The required output is an exact restatement of the lines, starting with the one that contains "Robin Dick Grayson" and finishing with the last line of the listing. It contains no pictures.

DATA SECTION —

● ● ● ●

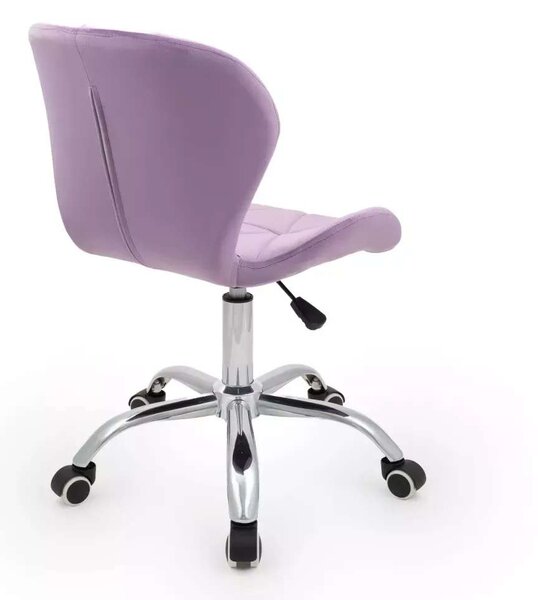 LuxuryForm DESIGN Židle LIVIO VELUR na stříbrné podstavě s kolečky - levandule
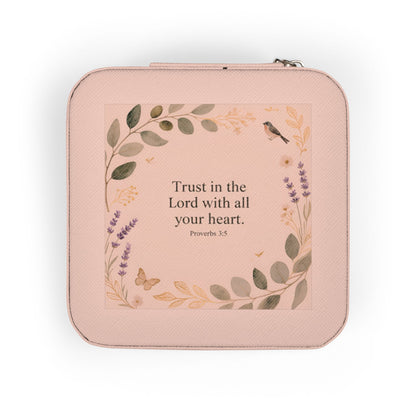 Floral Faith Jewelry Travel Case — 'Trust in the Lord with All Your Heart' Compact Organizer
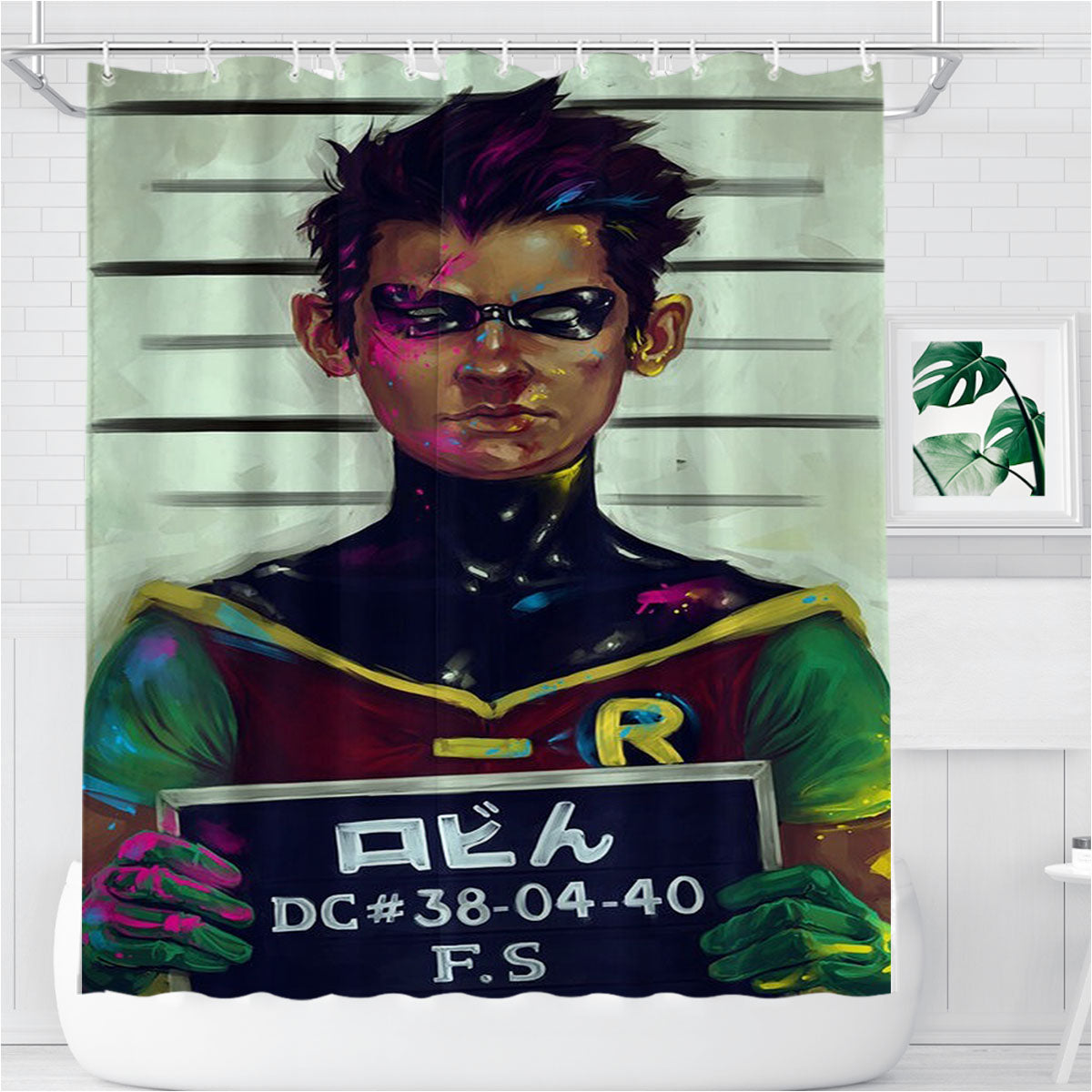 Robin Dick Grayson Titans Dc Comics Mugshot Bathroom Shower Curtain Fabric Waterproof | 66 X 72 Inch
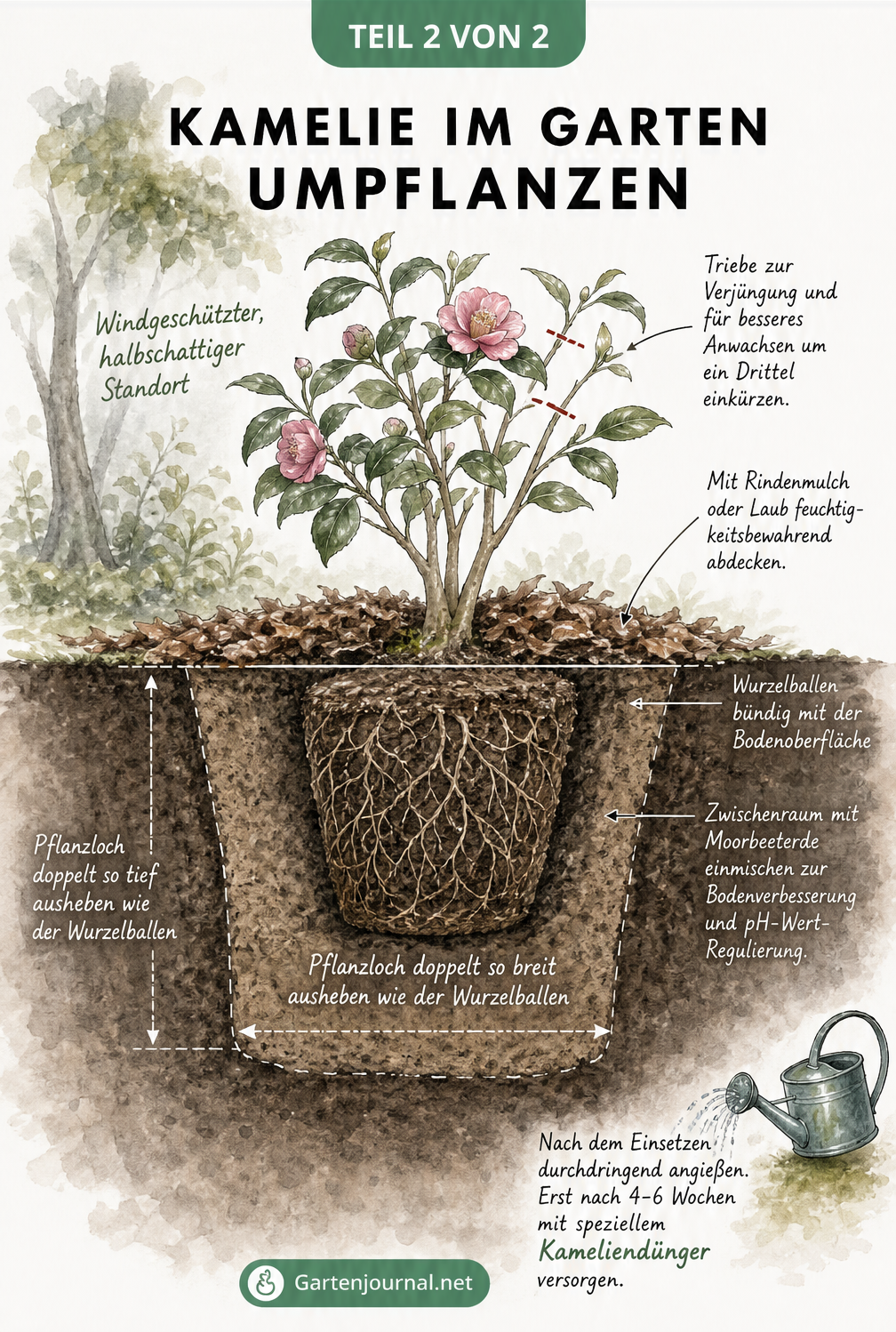 Schnittzeichnung einer Kamelie im Gartenboden, die das doppelt so große Pflanzloch, Rindenmulch und den Rückschnitt der Triebe zeigt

● ● ● ●

FINISHED TASK —
 Robin Dick Grayson Titans Dc Comics Mugshot Bathroom Shower Curtain Fabric Waterproof | 66 X 72 Inch
 Schnittzeichnung einer Kamelie im Gartenboden, die das doppelt so große Pflanzloch, Rindenmulch und den Rückschnitt der Triebe zeigt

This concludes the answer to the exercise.